Harvard University Police Department (HUPD) today released the latest update to its dashboard, a website dedicated to documenting departmental statistics and other indicators regarding its interactions with the Harvard community and the public.
Originally launched in June of 2021, the dashboard was among the recommendations that were released following a Harvard-initiated, independent review of HUPD completed in 2020 by 21CP Solutions. The review included a focus on internal practices and procedures within HUPD, as well as its interactions with members of the community.
According to HUPD Chief Victor Clay, the dashboard, including these latest updates, is an integral part of the department’s commitment to a culture of transparency and accountability throughout HUPD and with the wider Harvard community.
“Every member of the HUPD team takes our responsibility for the safety of our community very seriously,” Clay said. “Transparency, and with that trust, is fundamental to our ability to fulfill this responsibility. And this dashboard is one aspect of our commitment to transparency, so our community can see what we’re doing, can gauge how we’re doing, and provide us feedback on what we are doing well and what we can be doing better.”
The latest updates to the dashboard include new sections reporting aggregated data on service calls, field stops and use of force, which provides a further breakdown by gender, age, affiliation, and race/ethnicity. Data on personnel complaints is also included.
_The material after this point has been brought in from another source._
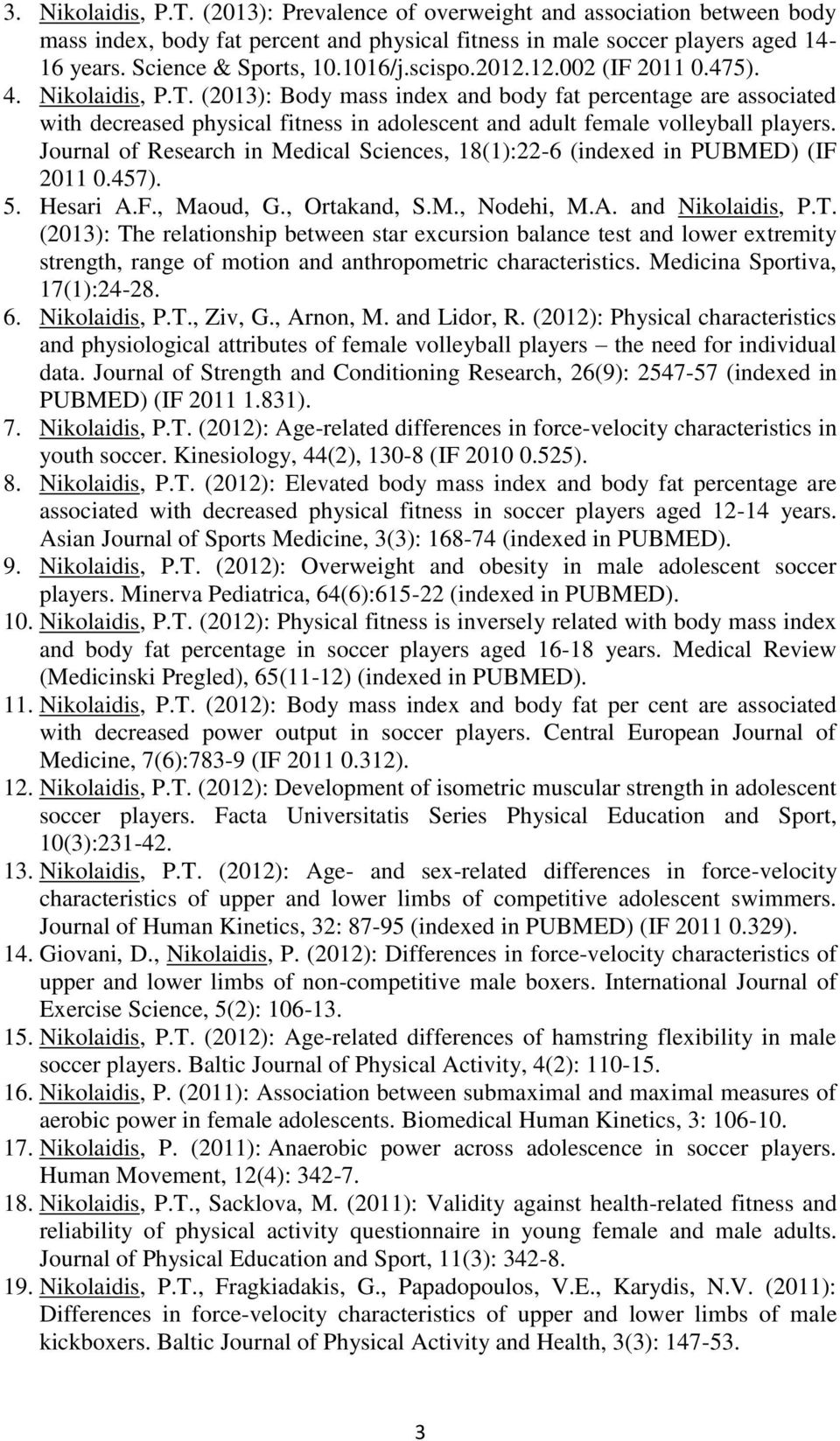 (2013): Body mass index and body fat percentage are associated with decreased physical fitness in adolescent and adult female volleyball players.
Since the initial launch, HUPD has continued to engage with members of the community, including faculty and staff from various departments across the University, along with external subject-matter experts to review the data, receive critical feedback, and ensure the information is presented in the most effective manner possible.
A key partner, according to Clay, has been staff in Harvard’s Office of Institutional Research and Analytics (OIRA), who provided guidance on best practices in data synthesis and translation, and recommendations on presenting data in a format most compatible with public consumption.
Shea Cronin, assistant professor of criminal justice at Boston University (BU) and vice chair of BU’s Community Safety Advisory Group, says having data available to the public is key to fostering a sense of agency in various stakeholders concerned about safety.
“When it comes to understanding public safety concerns, they need information so they can also work with police to figure out better ways to address any concerns in an effective way,” Cronin said. “It helps anybody who is concerned about issues on campus to advocate for whatever changes they see fit.”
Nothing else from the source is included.